2003’te Angels of America’da erkek arkadaşına AIDS olduğunu söyledikten sonra terkedilen Prior Walter rolünü oynadınız. Böylesi zorlayıcı bir role nasıl hazırlandınız?
O dizi benim kuşağım için son derece önemli olan bir oyundan uyarlamaydı. 20li yaşlarımı New York’ta tiyatro çevrelerinde geçirdim. Oyunu defalarca izledim. Broadway’de de gördüm ve şansıma HBO’da bu dizide oynadım. Al Pacino,Meryl Streep gibi olağanüstü oyuncular ve Mike Nichols gibi bir yönetmenle çalışma şansını elde ettim.
Bence Prior Walter’ı sevmek çok zor. Aslında rahatsız edici bir karakter.
Harika! Ben de böyle olmasını istiyordum. Prior’ın erkek arkadaşı Louis’e gelince o da kötü biri değil aslında.

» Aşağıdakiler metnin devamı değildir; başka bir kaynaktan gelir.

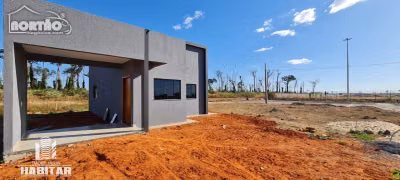 Casa, 3 quartos - Foto 1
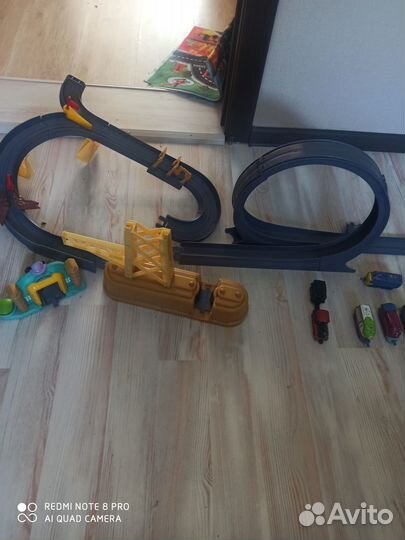 Железная дорога чаггингтон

Yalnızca ölümden korkuyor. Yani AIDS’e yakalanmaktan korkmuyor elbette ama sevdiği kişiyi ölürken görmek onu zorluyor. Elbette Prior ölmüyor, hatta peygamber oluyor. Olağanüstü bir eser. O rol çok zorlu, meydan okuyan bir roldü. Kendimi her gün sorguladım. Ama böyle bir projenin parçası olmaktan gurur duyuyorum.
Weeds’de kimilerine göre uygunsuz olarak nitelendirilebilecek, sorumsuz, sürekli kafası iyi gezen amca Andy Botwin’i canlandırdınız. Bize rolünüzü anlatır mısınız?
Bence Andy Botwin kesinlikle uygunsuz bir adam değildi. Belki hedonist, birçok şeye düşkün ve tadını çıkaran bir tipti ama temelde ailesini seven, kimseyi incitmeyen bir adamdı. Bu rolü oynadığım için çok mutluyum.